_Problem description:_ Restate, word for word, each entry that follows, but skip its pictures.

═══ Dataset records ═══

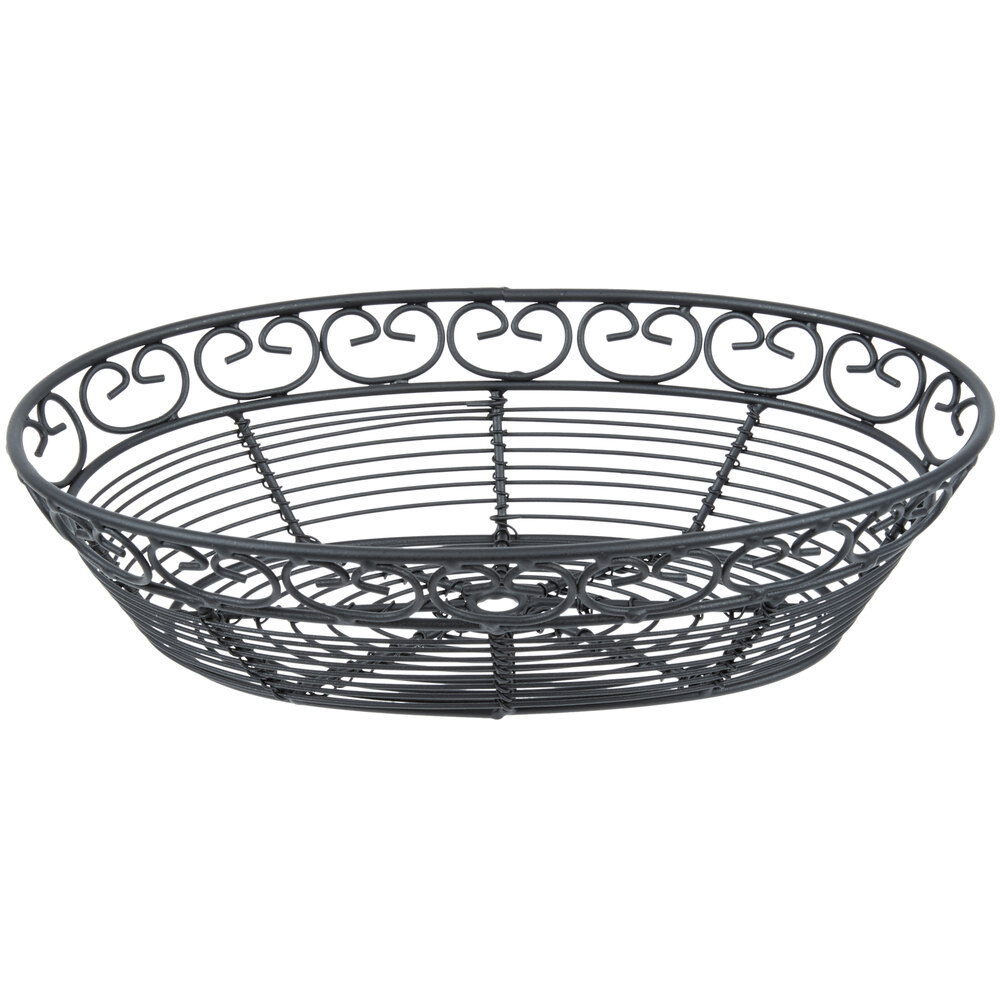 Tablecraft BK27409 Mediterranean Oval Black Metal Basket 9" x 6 1/4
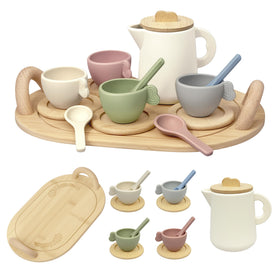 BOMOKS wooden tea set teapot image highlights durable toddler-friendly design.
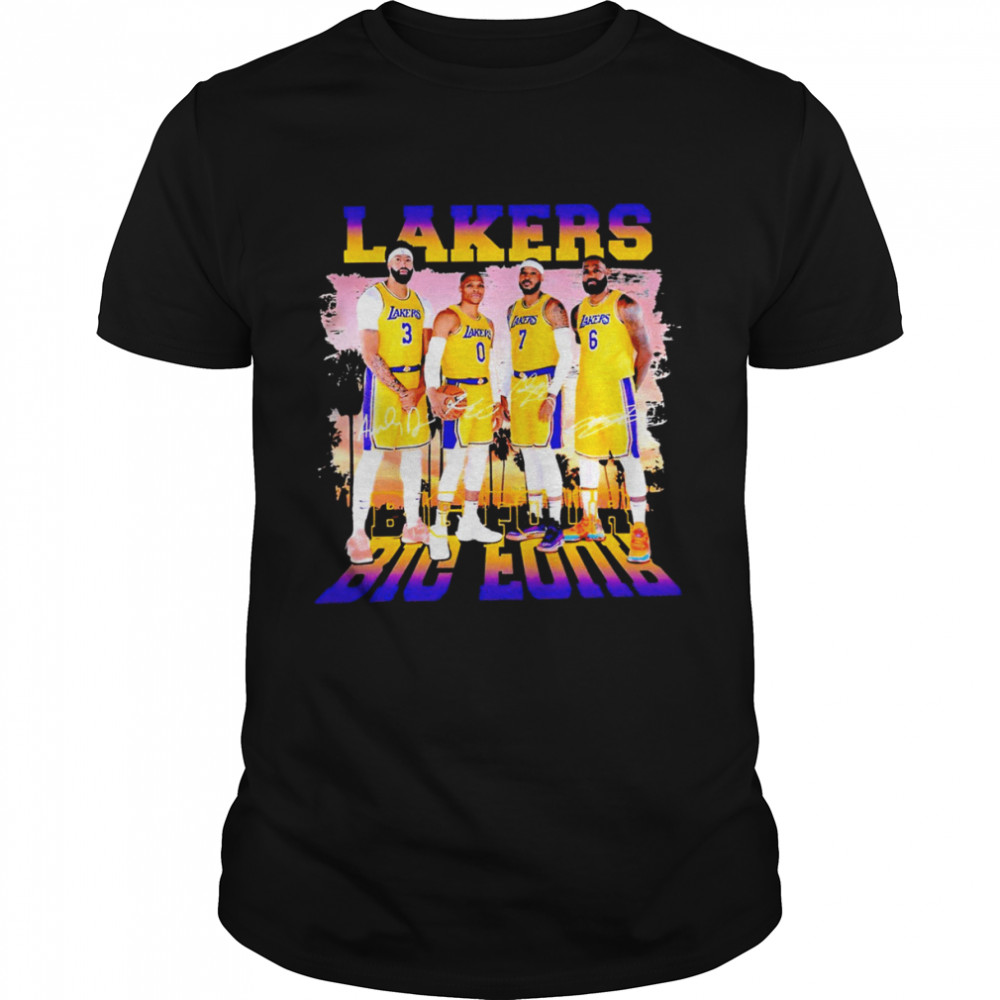 Lakers Big Four signatures 2022 T-shirt Classic Men's T-shirt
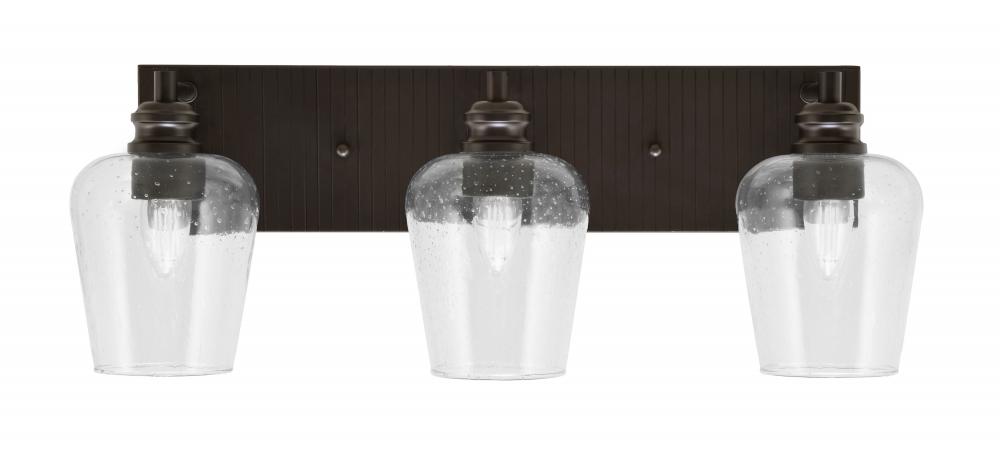 Edge 3 Light Bath Bar, Espresso Finish, 5" Clear Bubble Glass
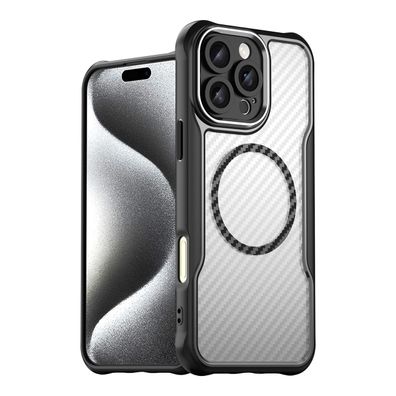 Silikonhülle Leading Series MagSafe für iPhone 16 Pro - Schwarz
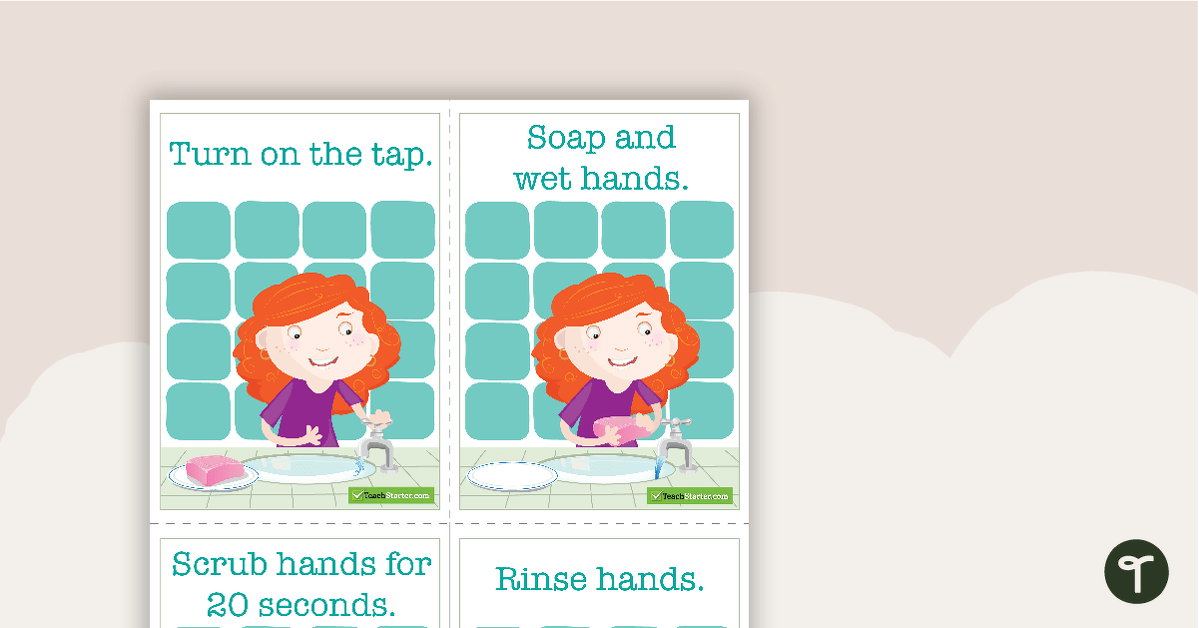 Washing Hands Sequencing Activity Cards | Teach Starter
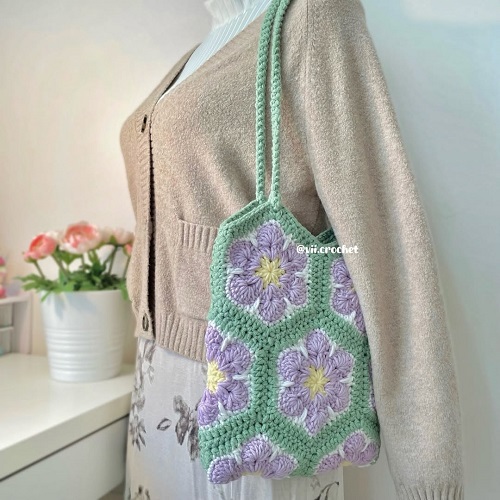 Granny Hexagon Crocheted Bag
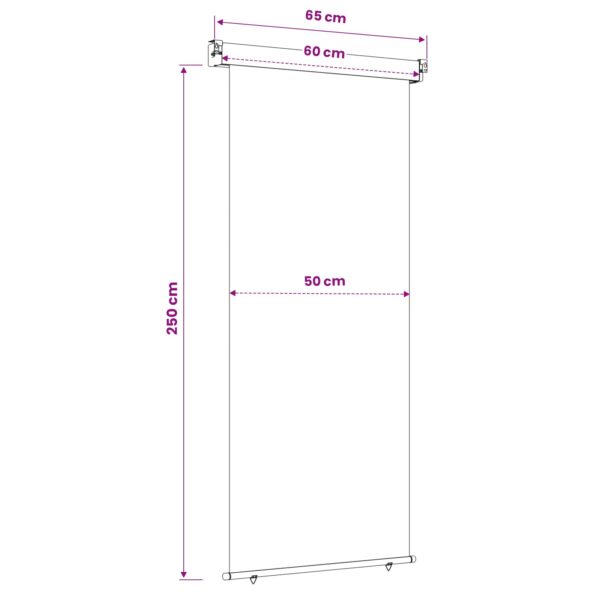vidaXL Bočný markíz na balkón 60 x 250 cm 100% polyester, železo, oceľ – Obrázok 6
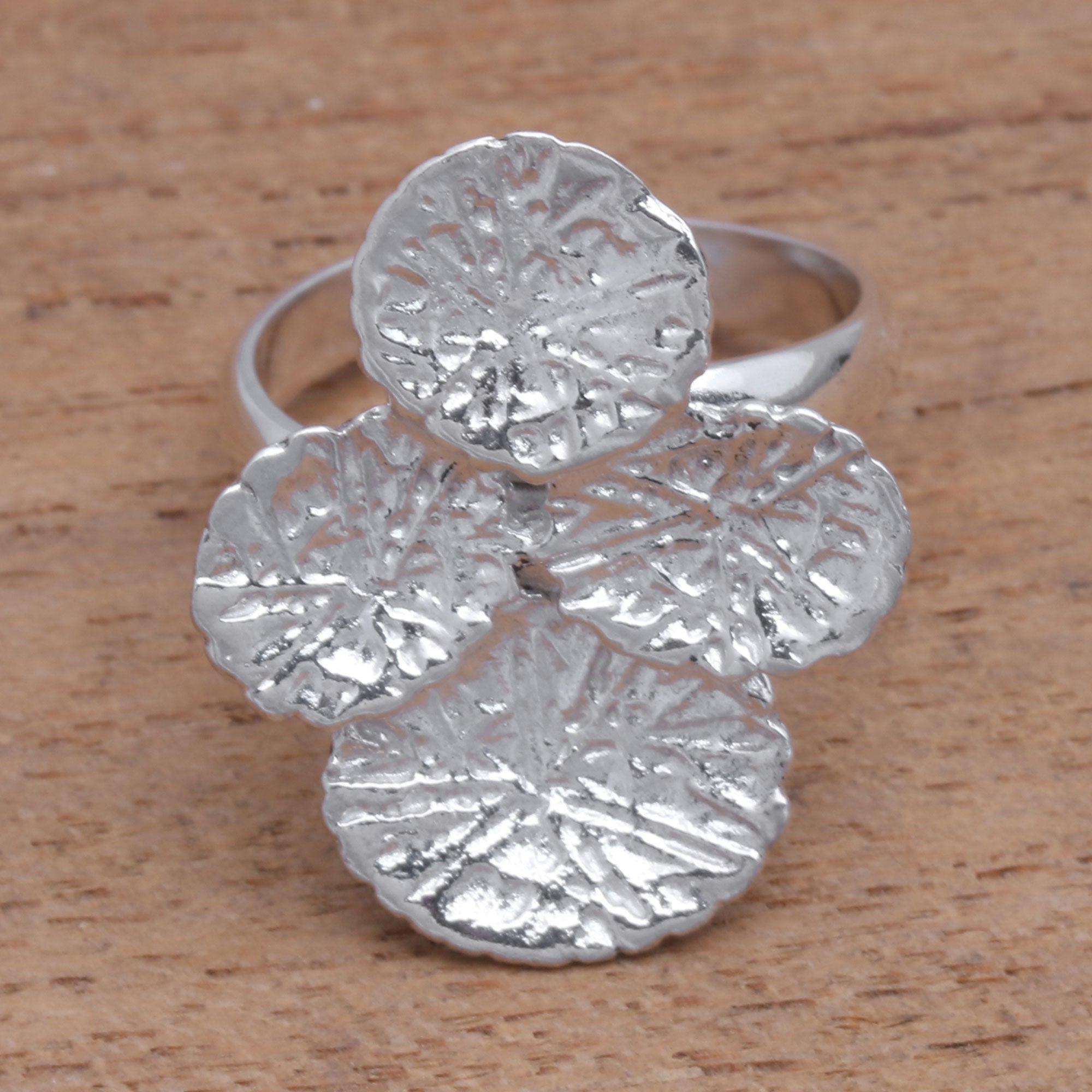 Premium Modern Sterling Silver Abstract Lily Pad Cocktail Ring - Handcrafted in Bali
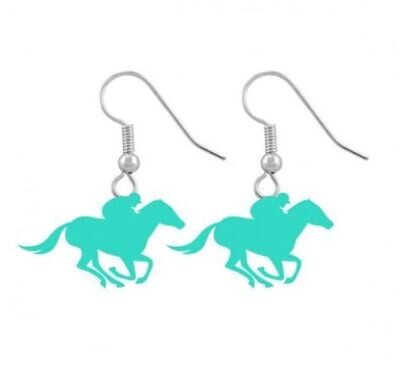 Mint Derby Horse Earrings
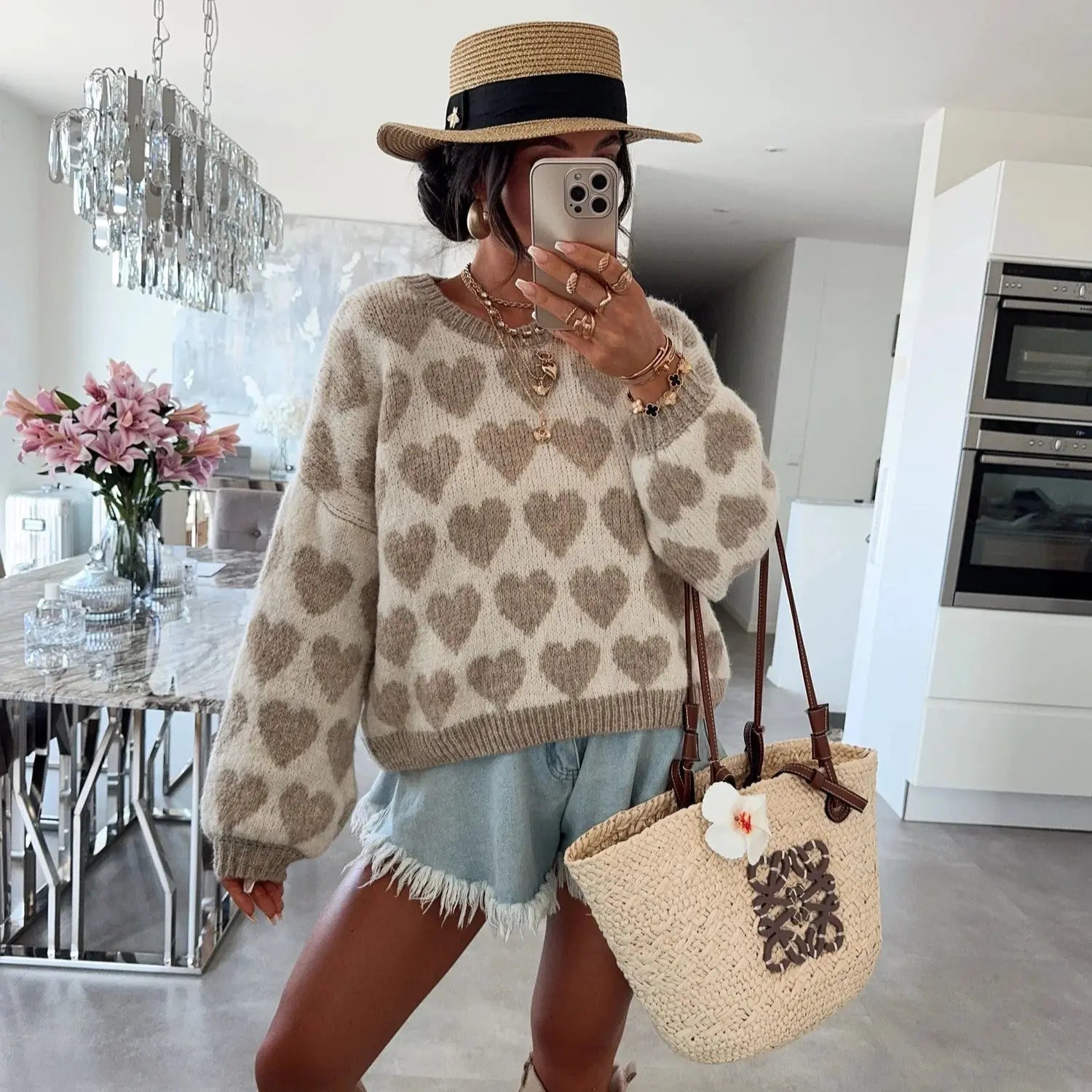 Heart Jacquard Color Contrast Short Knitted Valentine's Day Sweater Braceora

═══

_Solution to the exercise:_
 Tablecraft BK27409 Mediterranean Oval Black Metal Basket 9" x 6 1/4
 BOMOKS wooden tea set teapot image highlights durable toddler-friendly design.
 Lakers Big Four signatures 2022 T-shirt Classic Men's T-shirt
 Edge 3 Light Bath Bar, Espresso Finish, 5" Clear Bubble Glass
 Silikonhülle Leading Series MagSafe für iPhone 16 Pro - Schwarz
 Washing Hands Sequencing Activity Cards | Teach Starter
 Granny Hexagon Crocheted Bag
vidaXL Bočný markíz na balkón 60 x 250 cm 100% polyester, železo, oceľ – Obrázok 6
 Premium Modern Sterling Silver Abstract Lily Pad Cocktail Ring - Handcrafted in Bali
 Mint Derby Horse Earrings
 Heart Jacquard Color Contrast Short Knitted Valentine's Day Sweater Braceora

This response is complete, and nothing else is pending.